Friday, May 2, 2008

Book Review: On Beauty, By Zadie Smith

It's hard to understand why Zadie Smith's brilliant 2005 novel "On Beauty" would be categorized by the librarians of congress as "romance". But then wikipedia in its article about this literary prizewinner at:    http://en.wikipedia.org/wiki/On_Beauty
classifies it as "hysterical realism" which to me at least seems equally misdirected.
 
"On Beauty" is literature at its most contemporary: the story of two feuding families, the clash between liberal and conservative
values, the tension between white and black races , religious vs.. atheist outlook plus the cultural differences between the U.S. and the U.K. The comedy in nearly every scene is what prevents any kind of moralizing tone from creeping in to the 446 pages of this tale.
 
Unlike a typical thriller, which sucks you in with buckets of suspense, Smith's story captivates because she never tells when she can show. Each character has a unique voice, and only a few lines of dialogue clue the reader in to who is speaking.
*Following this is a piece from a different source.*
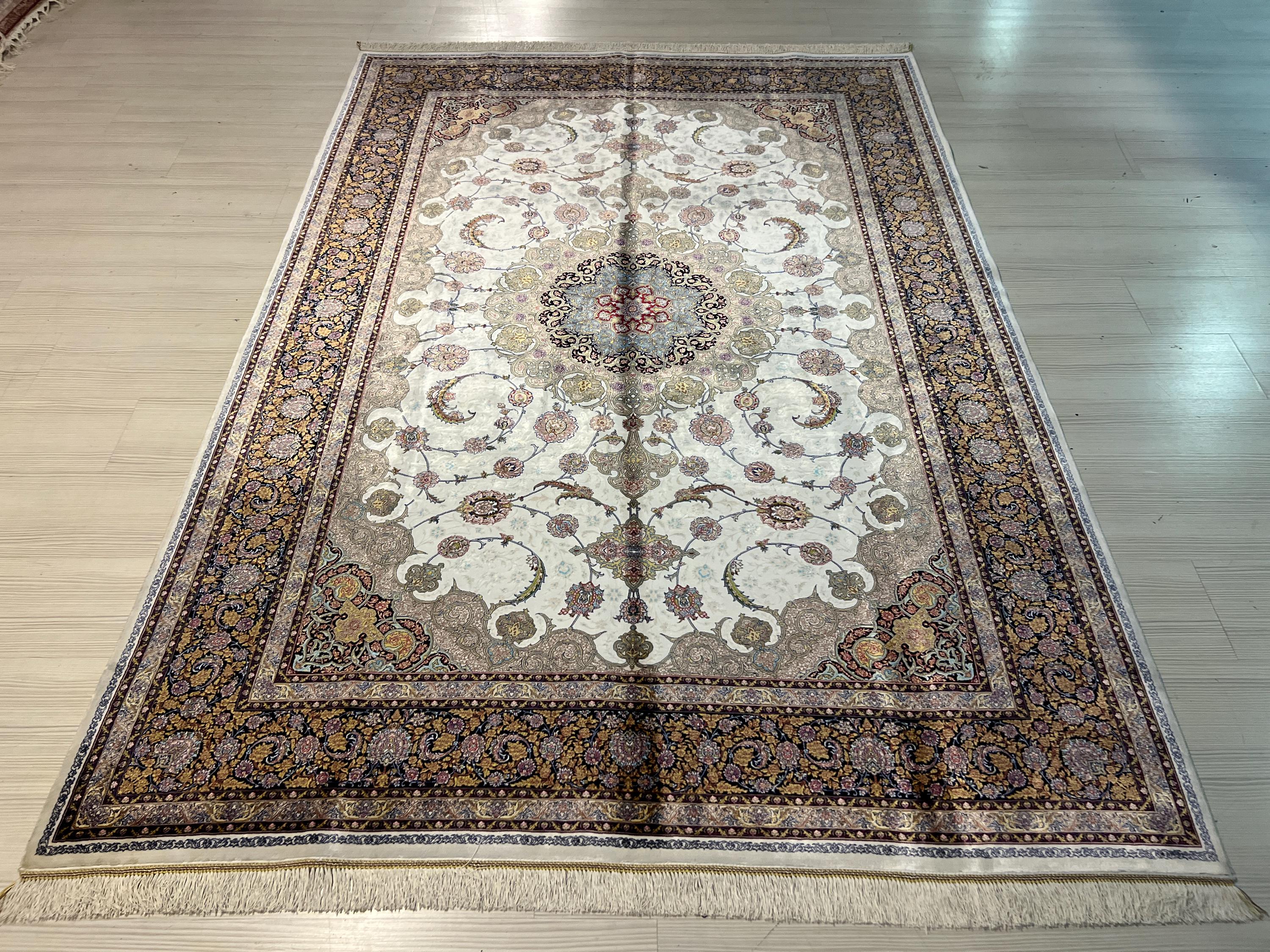 5x8 ft Ivory Silk Area Rug, Floral Medallion Design, Luxury Turkish Living Room Decor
Each scene speaks to you on different levels, often making you laugh at the absurdity of modern society. And each scene overflows with a symbolic irony which  is bound to cause you to view nearly everything through a different lens.
 
Smith is forever poking fun at academia, politics, pop culture, bureaucracy and the superficiality of most encounters. But this is not an intellectual book. Always laughing at fatuous high-brow culture, the plot is grounded and fully believable.  The story is also gripping enough that you want to keep reading to find out what's going to happen next.
 
Smith was a great admirer of E.M. Forester, and this novel is loosely based on "Howard's End". Whereas Forester satirized upper-crust turn-of-the-century Englishmen, Smith is more at home in the fictional exclusive liberal-arts college she creates just outside Boston, or the gritty street culture of rap music and gangs. Just as Forester satirized  the milleu of his readers, Smith knows her contemporary audience suffers from attention deficit and shifting loyalties.
 
Much of this novel revolves around the teenagers in the family and their growing-up struggles. Unlike one-dimensional coming-of-age fiction, which covers one person and spotlights the character facing a single conflict,  in "On Beauty" we actually see these young people at various stages of maturity and watch as they become different than they were just a year before. "On Beauty" never devolves in to a sweeping panorama, instead it highlights the passing years with individual moments in time, captured adroitly and microscopically examined through the omniscient point of view. The characters are real because they are us, and we, the readers are inside their heads.
 
Another large part of the novel is about  English white liberal art historian Howard Belsey, who despite his doctorate is pretty empty-headed and pitiful. Perhaps it is his attempts to reconcile with his African-American wife, after he ends a disastrous affair, that caused the librarians of congress to label this book as a romance. But its literary talent shines in every sentence; it's miles away from any love story you could pick up in the paperback aisle at your supermarket.
 
"On Beauty" is available on cassette and digital download from NLS where it is 17 hours and 53 minutes long. It is also available from bookshare. It is a popular reading selection for book clubs and is slowly becoming required reading for many college-level contemporary literature courses.